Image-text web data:
[Start of Attachment]
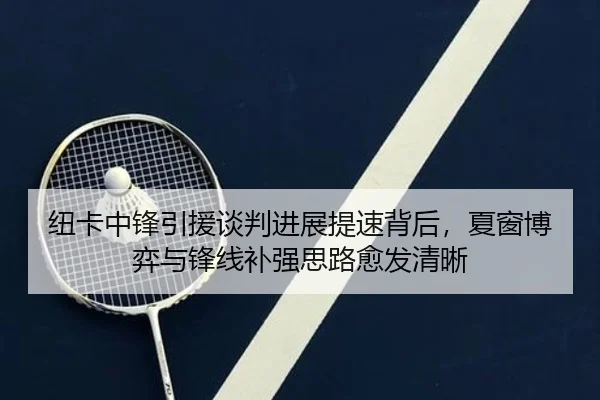 纽卡中锋引援谈判进展提速背后，夏窗博弈与锋线补强思路愈发清晰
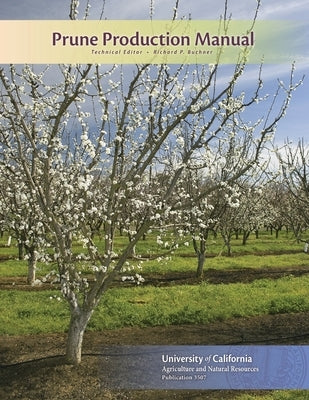 Prune Production Manual by Buchner, Rich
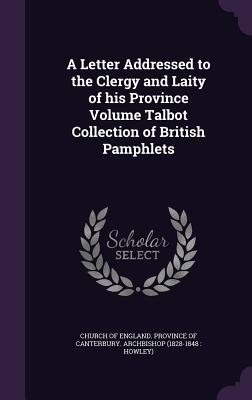 A Letter Addressed to the Clergy and Laity of his Province Volume Talbot Collection of British Pamphlets - Church of England Province of Canterbur (Creator)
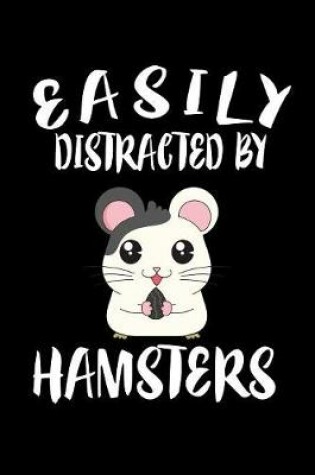 Cover of Easily Distracted By Hamsters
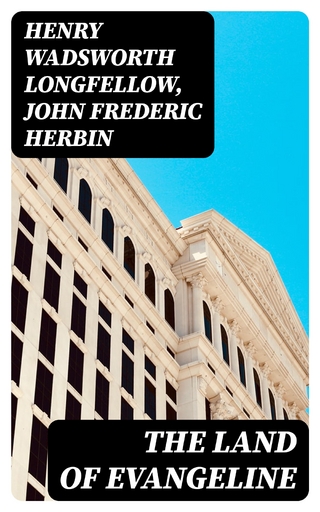 The Land of Evangeline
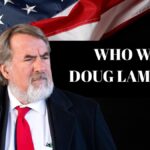 Who Was Doug Lamalfa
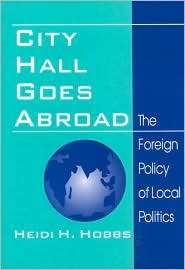 City Hall Goes Abroad The Foreign Policy of Local Politics 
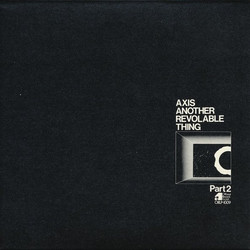 Axis another revolvable thing. Vol.2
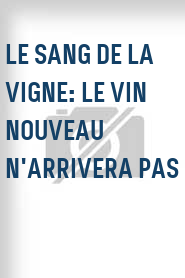 Le Sang de la vigne: Le vin nouveau n'arrivera pas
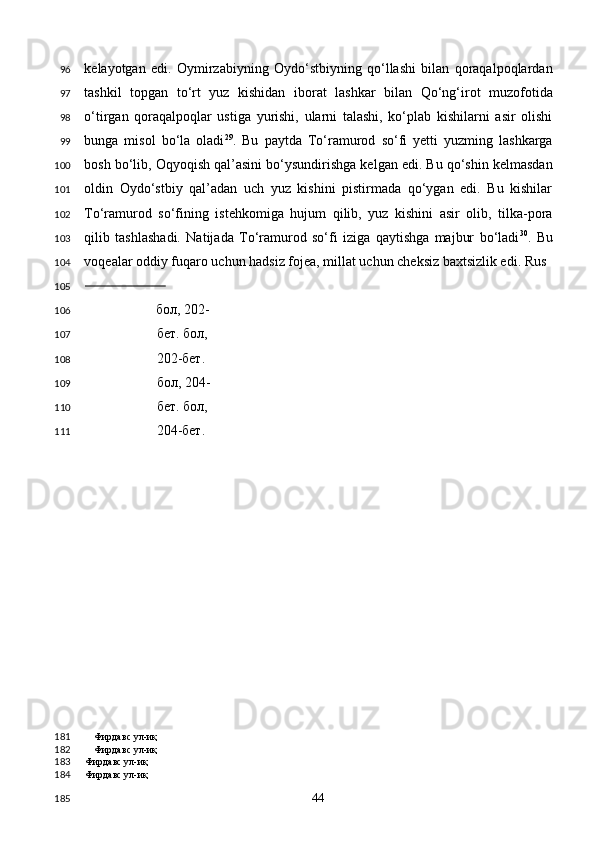 kelayotgan   edi.   Oymirzabiyning   Oydo‘stbiyning   qo‘llashi   bilan   qoraqalpoqlardan
tashkil   topgan   to‘rt   yuz   kishidan   iborat   lashkar   bilan   Qo‘ng‘irot   muzofotida
o‘tirgan   qoraqalpoqlar   ustiga   yurishi,   ularni   talashi,   ko‘plab   kishilarni   asir   olishi
bunga   misol   bo‘la   oladi 29
.   Bu   paytda   To‘ramurod   so‘fi   yetti   yuzming   lashkarga
bosh bo‘lib, Oqyoqish qal’asini bo‘ysundirishga kelgan edi. Bu qo‘shin kelmasdan
oldin   Oydo‘stbiy   qal’adan   uch   yuz   kishini   pistirmada   qo‘ygan   edi.   Bu   kishilar
To‘ramurod   so‘fining   istehkomiga   hujum   qilib,   yuz   kishini   asir   olib,   tilka-pora
qilib   tashlashadi.   Natijada   To‘ramurod   so‘fi   iziga   qaytishga   majbur   bo‘ladi 30
.   Bu
voqealar oddiy fuqaro uchun hadsiz fojea, millat uchun cheksiz baxtsizlik edi. Rus 
                         
бол , 202-
бет .  бол , 
202- бет . 
бол , 204-
бет .  бол , 
204- бет .
Фирдавс ул-иқ
Фирдавс ул-иқ
Фирдавс ул-иқ  
Фирдавс ул-иқ  
  44  96
97
98
99
100
101
102
103
104
105
106
107
108
109
110
111
181
182
183
184
185 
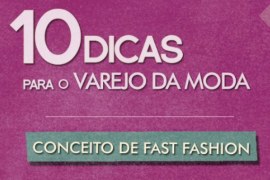 Nova temporada da série ’10 dicas’ aborda o varejo da moda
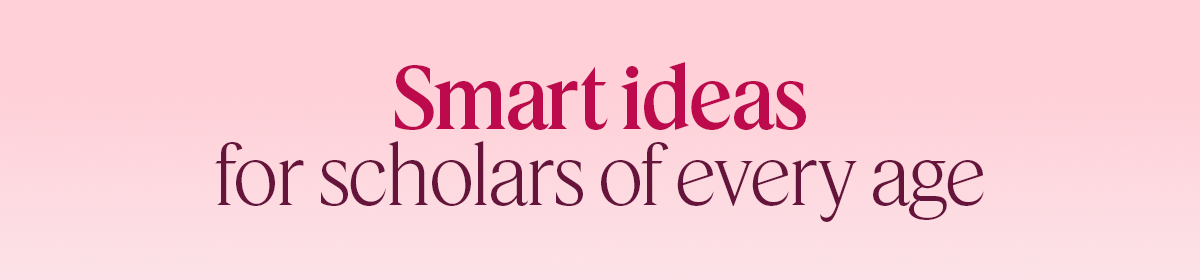 Smart ideas for scholars of every age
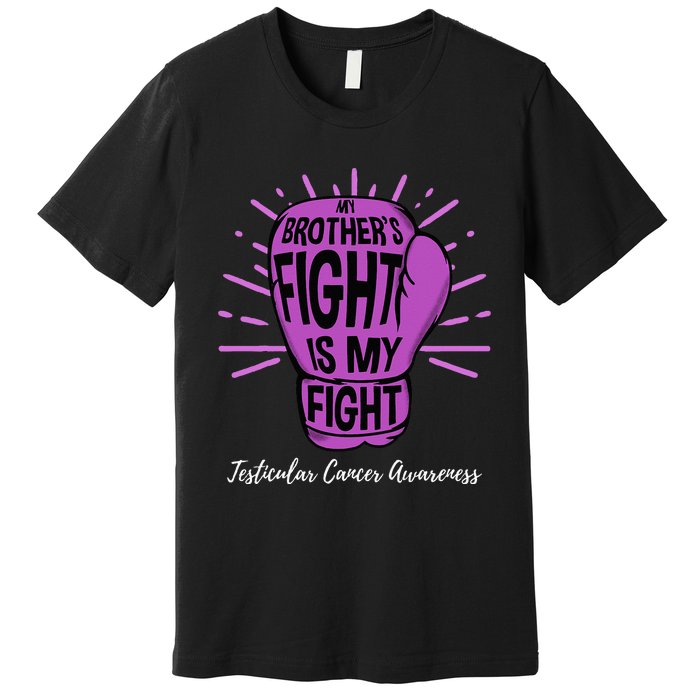 My Brothers Fight Is My Fight Testicular Cancer Awareness Premium T-Shirt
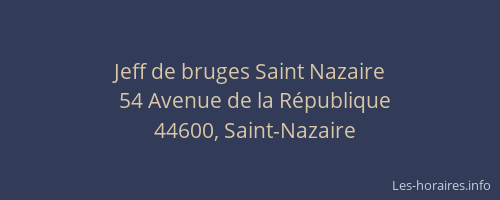 Jeff de bruges Saint Nazaire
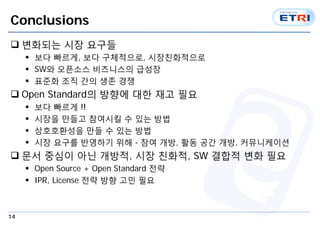 14
Conclusions
 변화되는 시장 요구들
 보다 빠르게, 보다 구체적으로, 시장친화적으로
 SW와 오픈소스 비즈니스의 급성장
 표준화 조직 간의 생존 경쟁
 Open Standard의 방향에 대한 재고 필요
 보다 빠르게 !!
 시장을 만들고 참여시킬 수 있는 방법
 상호호환성을 만들 수 있는 방법
 시장 요구를 반영하기 위해 - 참여 개방, 활동 공간 개방, 커뮤니케이션
 문서 중심이 아닌 개방적, 시장 친화적, SW 결합적 변화 필요
 Open Source + Open Standard 전략
 IPR, License 전략 방향 고민 필요
 
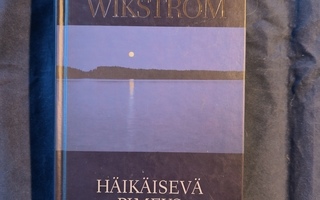 Owe Wikström: Häikäisevä pimeys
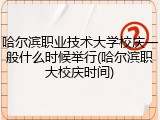 哈尔滨职业技术大学校庆一般什么时候举行(哈尔滨职大校庆时间)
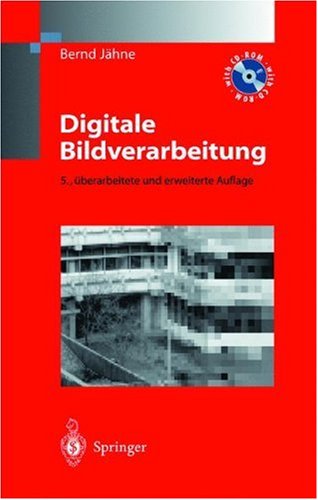 Digitale Bildverarbeitung 5 Berarb U Erw Aufl Bernd Jhne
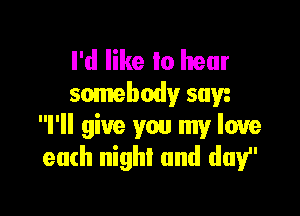 I'd like to hear
somebody saw

I'll give you my love
eath night and day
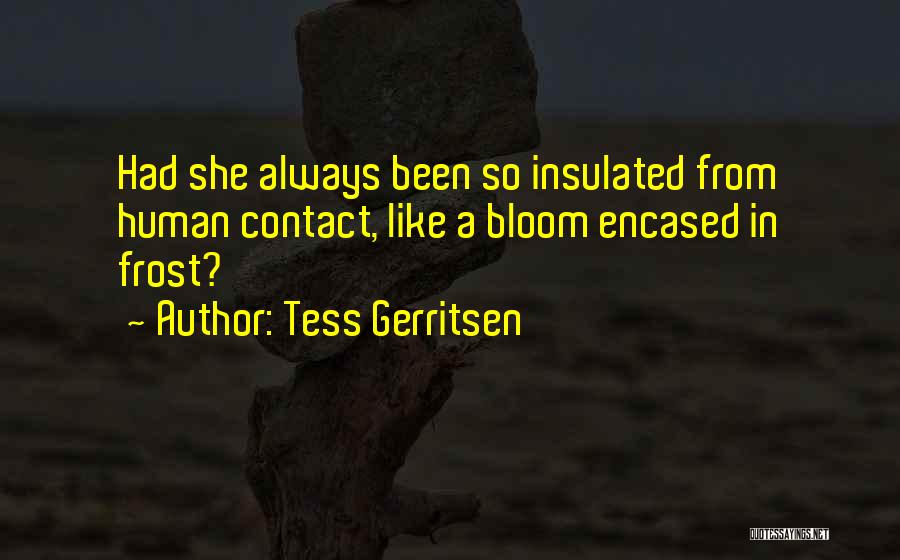 Tess Gerritsen Quotes: Had She Always Been So Insulated From Human Contact, Like A Bloom Encased In Frost?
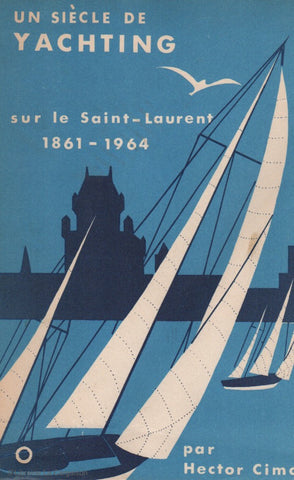CIMON, HECTOR. Un siècle de Yachting sur le Saint-Laurent 1861-1964 : L'histoire du Yacht Club de Québec
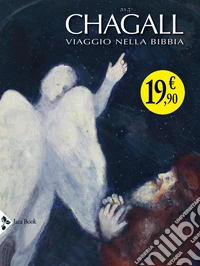Chagall. Viaggio nella Bibbia libro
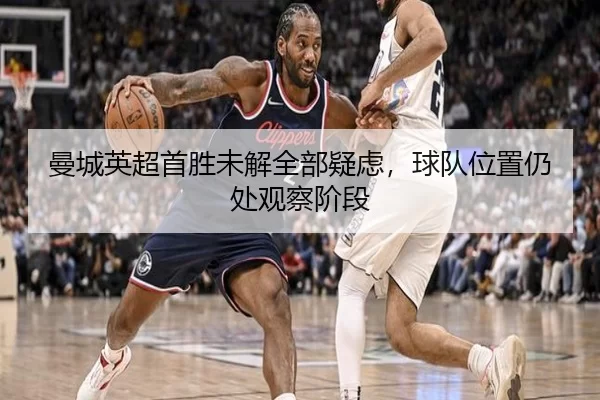 曼城英超首胜未解全部疑虑，球队位置仍处观察阶段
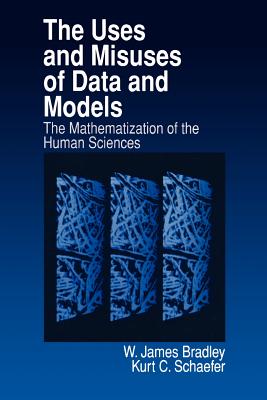 The Uses and Misuses of Data and Models: The Mathematization of the Human Sciences Cover Image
[End of Attachment]
[Instructions to follow]:
Find the lines in the entries above where "asir" occurs, and copy each of them.

[Answer for this exercise]:
o‘tirgan   qoraqalpoqlar   ustiga   yurishi,   ularni   talashi,   ko‘plab   kishilarni   asir   olishi
To‘ramurod   so‘fining   istehkomiga   hujum   qilib,   yuz   kishini   asir   olib,   tilka-pora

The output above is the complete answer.